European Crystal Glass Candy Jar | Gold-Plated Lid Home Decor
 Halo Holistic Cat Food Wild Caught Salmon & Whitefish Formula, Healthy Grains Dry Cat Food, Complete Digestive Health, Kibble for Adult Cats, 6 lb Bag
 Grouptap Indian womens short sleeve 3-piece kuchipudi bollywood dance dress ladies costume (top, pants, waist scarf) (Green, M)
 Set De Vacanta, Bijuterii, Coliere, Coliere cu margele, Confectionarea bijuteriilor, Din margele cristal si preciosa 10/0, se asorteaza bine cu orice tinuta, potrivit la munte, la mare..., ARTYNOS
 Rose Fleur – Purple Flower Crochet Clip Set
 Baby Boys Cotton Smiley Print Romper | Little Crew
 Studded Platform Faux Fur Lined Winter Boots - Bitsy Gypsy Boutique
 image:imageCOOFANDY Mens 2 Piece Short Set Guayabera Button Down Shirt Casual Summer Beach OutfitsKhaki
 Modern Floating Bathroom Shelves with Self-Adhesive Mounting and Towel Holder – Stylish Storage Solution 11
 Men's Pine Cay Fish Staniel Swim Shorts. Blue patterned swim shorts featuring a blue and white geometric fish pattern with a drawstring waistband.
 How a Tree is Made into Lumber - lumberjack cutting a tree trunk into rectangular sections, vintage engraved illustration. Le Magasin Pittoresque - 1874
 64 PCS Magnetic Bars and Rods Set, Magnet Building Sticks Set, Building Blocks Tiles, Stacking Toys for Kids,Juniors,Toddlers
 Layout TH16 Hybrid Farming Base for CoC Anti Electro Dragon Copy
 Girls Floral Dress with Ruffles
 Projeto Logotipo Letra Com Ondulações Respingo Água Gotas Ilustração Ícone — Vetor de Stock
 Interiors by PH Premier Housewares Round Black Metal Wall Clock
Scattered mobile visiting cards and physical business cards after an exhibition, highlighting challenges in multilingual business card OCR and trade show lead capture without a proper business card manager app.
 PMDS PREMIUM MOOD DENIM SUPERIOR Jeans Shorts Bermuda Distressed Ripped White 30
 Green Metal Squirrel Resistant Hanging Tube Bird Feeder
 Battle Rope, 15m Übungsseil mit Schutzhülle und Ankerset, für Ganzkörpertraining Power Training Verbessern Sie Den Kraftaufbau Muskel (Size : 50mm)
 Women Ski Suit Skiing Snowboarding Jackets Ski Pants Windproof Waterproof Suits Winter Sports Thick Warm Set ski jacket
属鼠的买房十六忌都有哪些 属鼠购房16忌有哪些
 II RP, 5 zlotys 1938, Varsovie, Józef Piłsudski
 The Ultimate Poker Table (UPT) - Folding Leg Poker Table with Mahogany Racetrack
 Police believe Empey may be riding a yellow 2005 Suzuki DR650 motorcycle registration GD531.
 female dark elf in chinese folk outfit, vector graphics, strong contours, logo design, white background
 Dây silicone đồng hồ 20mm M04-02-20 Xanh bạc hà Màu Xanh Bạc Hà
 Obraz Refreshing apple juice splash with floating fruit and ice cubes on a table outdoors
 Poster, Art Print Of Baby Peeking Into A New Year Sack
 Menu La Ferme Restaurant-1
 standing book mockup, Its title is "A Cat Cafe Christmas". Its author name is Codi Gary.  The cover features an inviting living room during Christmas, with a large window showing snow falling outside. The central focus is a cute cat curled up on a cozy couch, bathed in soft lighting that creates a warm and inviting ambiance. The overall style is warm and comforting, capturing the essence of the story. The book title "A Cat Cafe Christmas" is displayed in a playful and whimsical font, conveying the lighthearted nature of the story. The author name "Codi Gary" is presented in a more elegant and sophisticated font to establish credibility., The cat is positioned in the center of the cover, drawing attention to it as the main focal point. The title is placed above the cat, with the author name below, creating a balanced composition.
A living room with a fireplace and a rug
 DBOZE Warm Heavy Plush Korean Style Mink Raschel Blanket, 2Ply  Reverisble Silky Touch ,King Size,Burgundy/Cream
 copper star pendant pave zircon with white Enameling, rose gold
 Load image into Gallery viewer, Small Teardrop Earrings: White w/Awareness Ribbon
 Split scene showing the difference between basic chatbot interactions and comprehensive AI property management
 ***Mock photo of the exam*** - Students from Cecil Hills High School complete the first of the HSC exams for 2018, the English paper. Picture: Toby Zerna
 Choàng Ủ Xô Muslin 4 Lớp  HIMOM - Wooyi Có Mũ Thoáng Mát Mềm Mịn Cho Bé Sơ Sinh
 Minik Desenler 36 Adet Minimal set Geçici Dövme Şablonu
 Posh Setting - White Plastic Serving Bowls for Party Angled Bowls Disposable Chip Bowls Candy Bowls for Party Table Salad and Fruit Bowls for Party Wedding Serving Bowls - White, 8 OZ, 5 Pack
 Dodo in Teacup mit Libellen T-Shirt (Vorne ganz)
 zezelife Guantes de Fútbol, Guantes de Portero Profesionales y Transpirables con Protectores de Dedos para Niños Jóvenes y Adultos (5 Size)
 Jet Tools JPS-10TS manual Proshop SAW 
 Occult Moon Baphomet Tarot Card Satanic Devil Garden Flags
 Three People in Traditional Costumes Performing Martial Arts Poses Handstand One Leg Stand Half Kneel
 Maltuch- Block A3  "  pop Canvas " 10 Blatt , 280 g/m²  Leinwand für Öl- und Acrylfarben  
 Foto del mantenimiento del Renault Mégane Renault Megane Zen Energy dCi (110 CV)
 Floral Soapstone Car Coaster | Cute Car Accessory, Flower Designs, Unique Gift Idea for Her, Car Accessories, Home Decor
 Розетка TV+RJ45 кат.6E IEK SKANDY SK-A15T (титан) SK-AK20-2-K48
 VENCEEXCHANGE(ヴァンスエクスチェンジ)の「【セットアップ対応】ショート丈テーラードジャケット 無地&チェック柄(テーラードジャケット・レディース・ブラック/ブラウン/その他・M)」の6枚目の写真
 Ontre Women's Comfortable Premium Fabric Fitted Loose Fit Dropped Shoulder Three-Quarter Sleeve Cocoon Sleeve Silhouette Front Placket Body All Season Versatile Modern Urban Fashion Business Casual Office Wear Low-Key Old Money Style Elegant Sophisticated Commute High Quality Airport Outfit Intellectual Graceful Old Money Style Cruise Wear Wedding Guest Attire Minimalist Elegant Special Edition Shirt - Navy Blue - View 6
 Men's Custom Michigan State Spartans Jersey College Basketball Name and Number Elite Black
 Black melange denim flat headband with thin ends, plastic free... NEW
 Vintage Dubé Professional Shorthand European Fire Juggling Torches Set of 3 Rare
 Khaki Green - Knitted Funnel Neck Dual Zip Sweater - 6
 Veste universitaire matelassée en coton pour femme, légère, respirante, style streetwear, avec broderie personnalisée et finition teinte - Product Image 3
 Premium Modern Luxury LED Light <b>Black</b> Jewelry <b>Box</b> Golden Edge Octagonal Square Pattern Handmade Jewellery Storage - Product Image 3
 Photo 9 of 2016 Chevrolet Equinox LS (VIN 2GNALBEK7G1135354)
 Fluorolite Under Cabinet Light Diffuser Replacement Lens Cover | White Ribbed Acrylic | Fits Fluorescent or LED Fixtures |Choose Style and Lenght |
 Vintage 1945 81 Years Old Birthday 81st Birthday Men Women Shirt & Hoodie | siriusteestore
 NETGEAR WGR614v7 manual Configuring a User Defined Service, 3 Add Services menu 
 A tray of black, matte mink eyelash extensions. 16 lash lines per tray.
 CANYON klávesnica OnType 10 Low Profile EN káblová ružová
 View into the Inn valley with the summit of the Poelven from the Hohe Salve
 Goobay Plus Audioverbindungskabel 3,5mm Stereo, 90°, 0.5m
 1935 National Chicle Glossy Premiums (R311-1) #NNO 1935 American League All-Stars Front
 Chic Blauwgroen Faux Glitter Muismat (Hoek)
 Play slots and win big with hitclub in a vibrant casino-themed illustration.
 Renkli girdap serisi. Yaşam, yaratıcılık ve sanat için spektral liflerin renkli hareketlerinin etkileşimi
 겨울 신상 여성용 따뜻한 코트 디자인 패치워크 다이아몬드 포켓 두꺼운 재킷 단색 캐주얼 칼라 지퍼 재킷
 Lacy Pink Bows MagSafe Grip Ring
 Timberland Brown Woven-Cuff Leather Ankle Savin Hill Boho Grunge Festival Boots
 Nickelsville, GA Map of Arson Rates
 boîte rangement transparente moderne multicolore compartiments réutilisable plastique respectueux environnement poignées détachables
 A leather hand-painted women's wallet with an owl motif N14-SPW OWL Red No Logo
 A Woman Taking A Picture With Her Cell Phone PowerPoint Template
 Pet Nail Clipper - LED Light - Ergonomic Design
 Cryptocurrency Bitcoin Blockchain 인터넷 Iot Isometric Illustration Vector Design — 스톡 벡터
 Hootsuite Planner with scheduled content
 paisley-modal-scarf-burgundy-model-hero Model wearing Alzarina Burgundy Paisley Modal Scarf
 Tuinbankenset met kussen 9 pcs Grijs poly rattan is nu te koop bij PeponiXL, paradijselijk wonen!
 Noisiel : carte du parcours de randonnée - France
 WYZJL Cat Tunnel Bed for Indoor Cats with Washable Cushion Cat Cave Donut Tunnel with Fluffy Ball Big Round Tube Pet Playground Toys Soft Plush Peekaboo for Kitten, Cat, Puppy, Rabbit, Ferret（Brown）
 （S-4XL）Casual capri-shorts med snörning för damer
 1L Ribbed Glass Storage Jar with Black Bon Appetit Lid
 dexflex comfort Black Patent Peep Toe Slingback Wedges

===============

What the exercise asks:
Please return exactly the lines from the opening line of the data above through the line with "Men's Pine Cay", both included and nothing else.

The answer:
European Crystal Glass Candy Jar | Gold-Plated Lid Home Decor
 Halo Holistic Cat Food Wild Caught Salmon & Whitefish Formula, Healthy Grains Dry Cat Food, Complete Digestive Health, Kibble for Adult Cats, 6 lb Bag
 Grouptap Indian womens short sleeve 3-piece kuchipudi bollywood dance dress ladies costume (top, pants, waist scarf) (Green, M)
 Set De Vacanta, Bijuterii, Coliere, Coliere cu margele, Confectionarea bijuteriilor, Din margele cristal si preciosa 10/0, se asorteaza bine cu orice tinuta, potrivit la munte, la mare..., ARTYNOS
 Rose Fleur – Purple Flower Crochet Clip Set
 Baby Boys Cotton Smiley Print Romper | Little Crew
 Studded Platform Faux Fur Lined Winter Boots - Bitsy Gypsy Boutique
 image:imageCOOFANDY Mens 2 Piece Short Set Guayabera Button Down Shirt Casual Summer Beach OutfitsKhaki
 Modern Floating Bathroom Shelves with Self-Adhesive Mounting and Towel Holder – Stylish Storage Solution 11
 Men's Pine Cay Fish Staniel Swim Shorts. Blue patterned swim shorts featuring a blue and white geometric fish pattern with a drawstring waistband.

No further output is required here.